Wednesday, January 1, 2014


The drought rocked on and Elijah received a new message from God. “Later on, in the third year of the drought, the Lord said to Elijah, ‘Go and present yourself to King Ahab. Tell him that I will soon send rain!’ So Elijah went to appear before Ahab” (I Kings 18:1-2a, NLT).

Elijah had been hiding out from Ahab who blamed him for the drought. Now, at God’s command, he boldly marches out to face him.

“Meanwhile, the famine had become very severe in Samaria. So Ahab summoned Obadiah, who was in charge of the palace. (Obadiah was a devoted follower of the Lord. Once when Jezebel had tried to kill all the Lord’s prophets, Obadiah had hidden 100 of them in two caves. He put fifty prophets in each cave and supplied them with food and water)” (I Kings 18:2b-4).

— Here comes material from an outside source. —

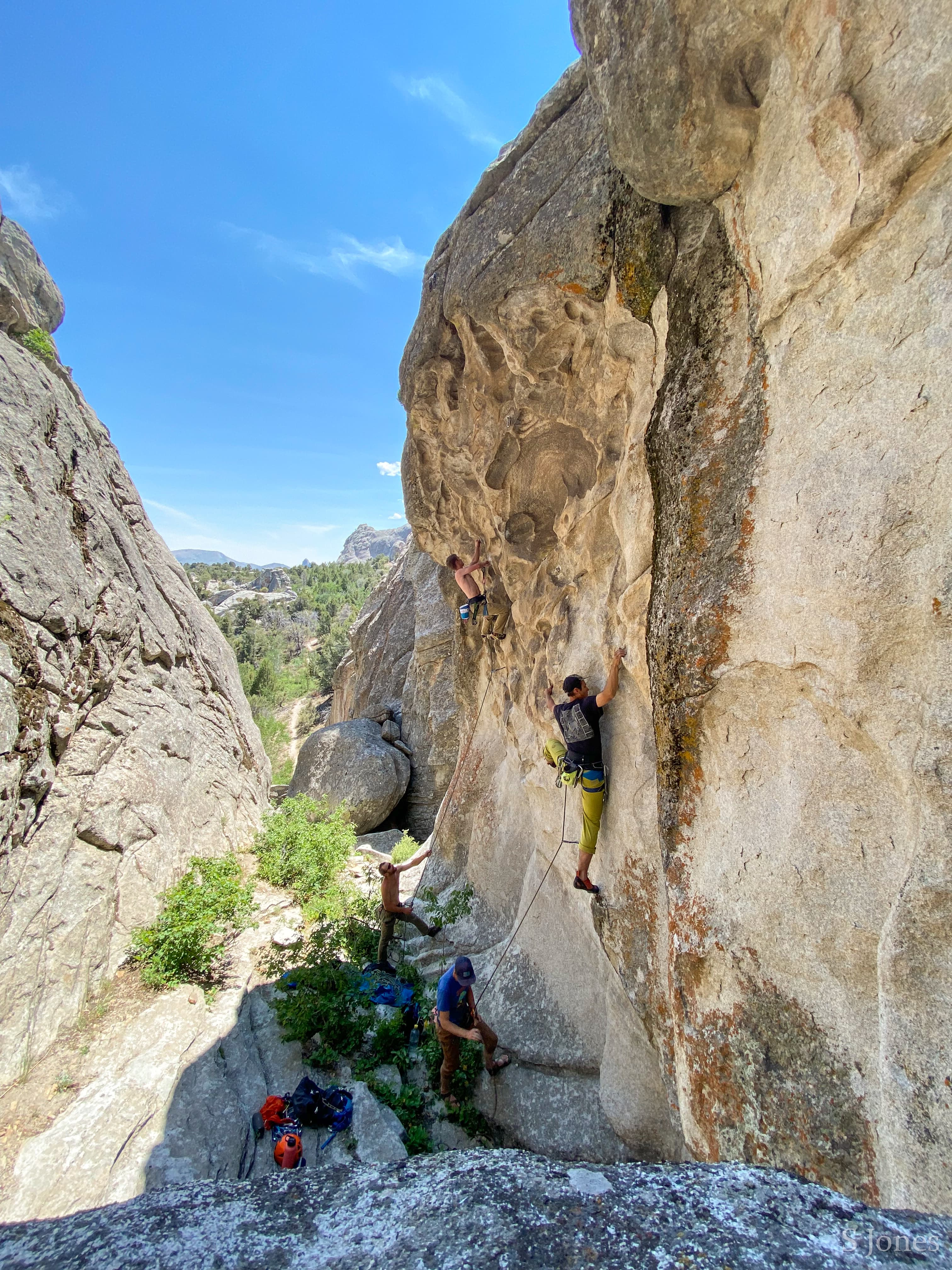Two climbers ascend neighboring routes in a scenic granite ravine.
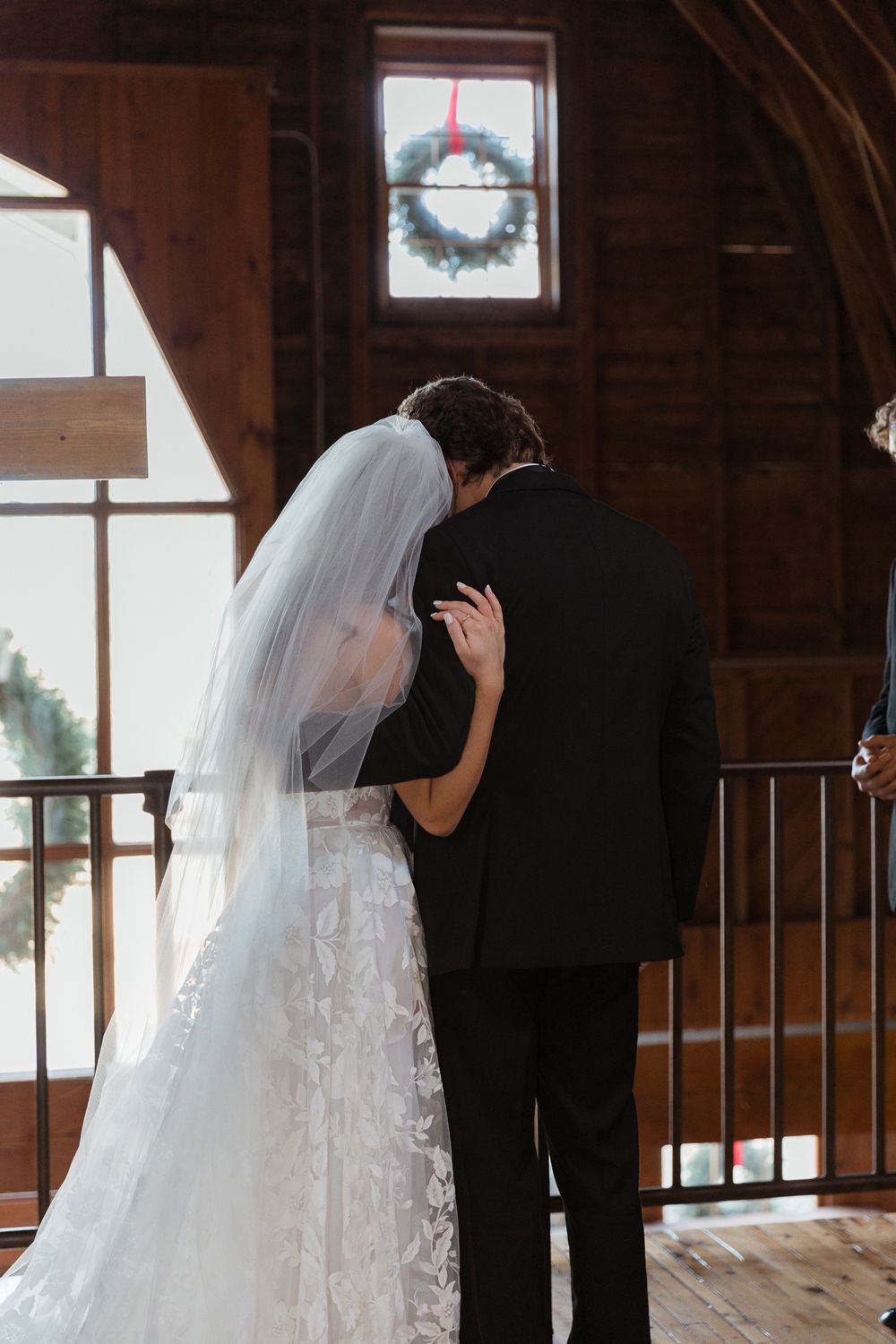 Silhouetted couple sharing an intimate moment during their first look in a rustic wooden venue.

“Obadiah, who was in charge of the palace,” was also “a devoted follower of the Lord.” At great risk to his own life, he had defied the king and protected 100 of God’s faithful prophets. This is likely the same Obadiah for whom the Old Testament book is named, although it’s not possible to say for certain since there are over a dozen different Obadiahs mentioned in the Old Testament.

“Ahab said to Obadiah, ‘We must check every spring and valley in the land to see if we can find enough grass to save at least some of my horses and mules.’ So they divided the land between them. Ahab went one way by himself, and Obadiah went another way by himself. As Obadiah was walking along, he suddenly saw Elijah coming toward him” (I Kings 18:5-7a).

Obadiah thought he was on a mission for the king of Israel, but he was actually on a mission for the King of Kings and Lord of Lords. Seeing Elijah, “Obadiah recognized him at once and bowed low to the ground before him. ‘Is it really you, my lord Elijah?’ he asked.

‘Yes, it is,’ Elijah replied. ‘Now go and tell your master, ‘Elijah is here.’’

‘Oh, sir,’ Obadiah protested, ‘what harm have I done to you that you are sending me to my death at the hands of Ahab? For I swear by the Lord your God that the king has searched every nation and kingdom on earth from end to end to find you. And each time he was told, ‘Elijah isn’t here,’ King Ahab forced the king of that nation to swear to the truth of his claim. And now you say, ‘Go and tell your master, ‘Elijah is here.’’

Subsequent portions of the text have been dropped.